(Records contained in a dataset)
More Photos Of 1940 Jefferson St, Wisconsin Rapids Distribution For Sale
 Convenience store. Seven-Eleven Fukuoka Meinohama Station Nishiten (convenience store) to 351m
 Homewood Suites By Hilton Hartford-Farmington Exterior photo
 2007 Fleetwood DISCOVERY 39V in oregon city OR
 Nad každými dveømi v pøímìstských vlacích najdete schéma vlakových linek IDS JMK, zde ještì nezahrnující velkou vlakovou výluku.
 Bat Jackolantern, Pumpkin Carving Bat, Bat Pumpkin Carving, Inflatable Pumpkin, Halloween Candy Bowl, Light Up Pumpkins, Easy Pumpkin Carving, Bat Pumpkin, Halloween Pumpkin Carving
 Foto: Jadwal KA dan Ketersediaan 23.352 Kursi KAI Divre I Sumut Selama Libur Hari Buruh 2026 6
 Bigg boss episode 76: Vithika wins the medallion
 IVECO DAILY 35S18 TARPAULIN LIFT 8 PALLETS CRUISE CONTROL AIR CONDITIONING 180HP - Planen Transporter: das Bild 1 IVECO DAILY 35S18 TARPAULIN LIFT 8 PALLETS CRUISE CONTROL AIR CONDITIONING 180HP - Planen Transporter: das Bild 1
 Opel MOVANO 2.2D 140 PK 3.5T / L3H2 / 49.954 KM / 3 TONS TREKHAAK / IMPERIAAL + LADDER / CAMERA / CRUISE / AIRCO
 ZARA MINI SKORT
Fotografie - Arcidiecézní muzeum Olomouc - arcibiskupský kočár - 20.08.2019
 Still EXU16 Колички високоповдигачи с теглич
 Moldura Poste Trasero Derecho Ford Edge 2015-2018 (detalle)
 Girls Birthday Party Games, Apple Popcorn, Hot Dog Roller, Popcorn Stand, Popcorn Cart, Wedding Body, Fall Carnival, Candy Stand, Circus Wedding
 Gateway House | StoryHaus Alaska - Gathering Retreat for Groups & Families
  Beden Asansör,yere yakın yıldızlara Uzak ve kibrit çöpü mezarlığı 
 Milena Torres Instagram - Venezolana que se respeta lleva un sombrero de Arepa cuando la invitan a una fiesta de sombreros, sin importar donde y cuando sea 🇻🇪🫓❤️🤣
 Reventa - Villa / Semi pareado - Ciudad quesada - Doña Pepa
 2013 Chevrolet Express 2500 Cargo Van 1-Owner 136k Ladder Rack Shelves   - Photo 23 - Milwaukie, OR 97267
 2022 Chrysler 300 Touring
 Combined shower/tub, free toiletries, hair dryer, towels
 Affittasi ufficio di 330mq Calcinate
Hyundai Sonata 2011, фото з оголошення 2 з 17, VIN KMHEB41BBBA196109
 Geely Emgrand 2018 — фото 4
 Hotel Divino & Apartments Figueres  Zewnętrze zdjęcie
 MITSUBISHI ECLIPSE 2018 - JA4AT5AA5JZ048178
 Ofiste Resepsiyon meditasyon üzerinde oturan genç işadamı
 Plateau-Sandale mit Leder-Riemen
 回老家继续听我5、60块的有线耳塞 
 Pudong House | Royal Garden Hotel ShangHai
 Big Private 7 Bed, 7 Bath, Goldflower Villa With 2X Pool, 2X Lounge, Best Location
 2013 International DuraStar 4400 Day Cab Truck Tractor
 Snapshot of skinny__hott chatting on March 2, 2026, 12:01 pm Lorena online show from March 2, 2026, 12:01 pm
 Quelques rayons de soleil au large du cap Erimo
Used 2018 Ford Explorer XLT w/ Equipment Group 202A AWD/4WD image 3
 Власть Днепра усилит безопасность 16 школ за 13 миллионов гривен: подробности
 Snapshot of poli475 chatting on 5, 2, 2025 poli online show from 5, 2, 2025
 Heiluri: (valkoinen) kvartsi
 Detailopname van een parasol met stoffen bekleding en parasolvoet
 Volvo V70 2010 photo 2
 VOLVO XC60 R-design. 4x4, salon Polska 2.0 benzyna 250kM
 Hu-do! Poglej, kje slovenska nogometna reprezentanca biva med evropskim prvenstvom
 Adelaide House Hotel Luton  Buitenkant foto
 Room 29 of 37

- **What is required**
The lines in the entries above that carry the word "House" must be copied.

- **Exercise solution**
 Gateway House | StoryHaus Alaska - Gathering Retreat for Groups & Families
 Pudong House | Royal Garden Hotel ShangHai
 Adelaide House Hotel Luton  Buitenkant foto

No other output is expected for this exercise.